ReQL command: group
Command syntax
sequence.group(field | function..., [{index: <indexname>, multi: false}]) → grouped_stream r.group(sequence, field | function..., [{index: <indexname>, multi: false}]) → grouped_stream
Description
Takes a stream and partitions it into multiple groups based on the fields or functions provided.
With the multi
flag single documents can be assigned to multiple groups, similar to the behavior of multi-indexes. When multi
is true
and the grouping value is an array, documents will be placed in each group that corresponds to the elements of the array. If the array is empty the row will be ignored.
Suppose that the table games
has the following data:
[
{id: 2, player: "Bob", points: 15, type: "ranked"},
{id: 5, player: "Alice", points: 7, type: "free"},
{id: 11, player: "Bob", points: 10, type: "free"},
{id: 12, player: "Alice", points: 2, type: "free"}
]
Example: Group games by player.
> r.table('games').group('player').run(conn, callback)
// Result passed to callback
[
{
group: "Alice",
reduction: [
{id: 5, player: "Alice", points: 7, type: "free"},
{id: 12, player: "Alice", points: 2, type: "free"}
]
},
{
group: "Bob",
reduction: [
{id: 2, player: "Bob", points: 15, type: "ranked"},
{id: 11, player: "Bob", points: 10, type: "free"}
]
}
]
Commands chained after group
will be called on each of these grouped sub-streams, producing grouped data.

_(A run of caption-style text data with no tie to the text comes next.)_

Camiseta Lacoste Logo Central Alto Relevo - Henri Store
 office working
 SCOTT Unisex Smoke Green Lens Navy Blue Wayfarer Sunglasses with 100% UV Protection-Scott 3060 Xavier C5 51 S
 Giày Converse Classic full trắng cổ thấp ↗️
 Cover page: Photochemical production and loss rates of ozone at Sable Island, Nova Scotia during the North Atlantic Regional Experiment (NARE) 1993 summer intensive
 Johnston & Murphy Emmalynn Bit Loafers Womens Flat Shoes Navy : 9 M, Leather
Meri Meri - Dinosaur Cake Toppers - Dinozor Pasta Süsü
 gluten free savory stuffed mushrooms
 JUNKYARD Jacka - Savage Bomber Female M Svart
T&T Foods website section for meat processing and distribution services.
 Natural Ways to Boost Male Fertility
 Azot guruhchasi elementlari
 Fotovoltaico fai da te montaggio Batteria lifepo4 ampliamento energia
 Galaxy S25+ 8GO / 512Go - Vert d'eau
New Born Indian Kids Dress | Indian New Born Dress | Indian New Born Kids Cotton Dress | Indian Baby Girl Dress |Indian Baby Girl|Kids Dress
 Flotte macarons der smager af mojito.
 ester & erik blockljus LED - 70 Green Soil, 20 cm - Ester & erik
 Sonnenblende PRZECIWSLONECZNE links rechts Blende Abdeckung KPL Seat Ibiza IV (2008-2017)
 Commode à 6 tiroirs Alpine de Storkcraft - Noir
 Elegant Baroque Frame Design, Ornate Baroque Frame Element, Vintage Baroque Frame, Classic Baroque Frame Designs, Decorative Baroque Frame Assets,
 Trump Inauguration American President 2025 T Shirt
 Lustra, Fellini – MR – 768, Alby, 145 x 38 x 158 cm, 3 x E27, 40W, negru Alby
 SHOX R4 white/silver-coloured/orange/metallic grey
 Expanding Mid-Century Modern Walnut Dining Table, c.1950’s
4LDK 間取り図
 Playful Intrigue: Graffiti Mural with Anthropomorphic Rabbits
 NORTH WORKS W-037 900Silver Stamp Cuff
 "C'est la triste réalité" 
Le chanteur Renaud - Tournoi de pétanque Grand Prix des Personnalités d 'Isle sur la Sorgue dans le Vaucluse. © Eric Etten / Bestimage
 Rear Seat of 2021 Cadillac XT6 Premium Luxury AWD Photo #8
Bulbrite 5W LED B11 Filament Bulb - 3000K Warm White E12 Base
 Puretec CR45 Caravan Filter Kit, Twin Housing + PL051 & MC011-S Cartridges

Example: What is each player’s best game?
> r.table('games').group('player').max('points').run(conn, callback)
// Result passed to callback
[
{
group: "Alice",
reduction: {id: 5, player: "Alice", points: 7, type: "free"}
},
{
group: "Bob",
reduction: {id: 2, player: "Bob", points: 15, type: "ranked"}
}
]
Commands chained onto grouped data will operate on each grouped datum, producing more grouped data.
Example: What is the maximum number of points scored by each player?
> r.table('games').group('player').max('points')('points').run(conn, callback)
// Result passed to callback
[
{
group: "Alice",
reduction: 7
},
{
group: "Bob",
reduction: 15
}
]
You can also group by more than one field.
Example: What is the maximum number of points scored by each player for each game type?
> r.table('games').group('player', 'type').max('points')('points').run(conn, callback)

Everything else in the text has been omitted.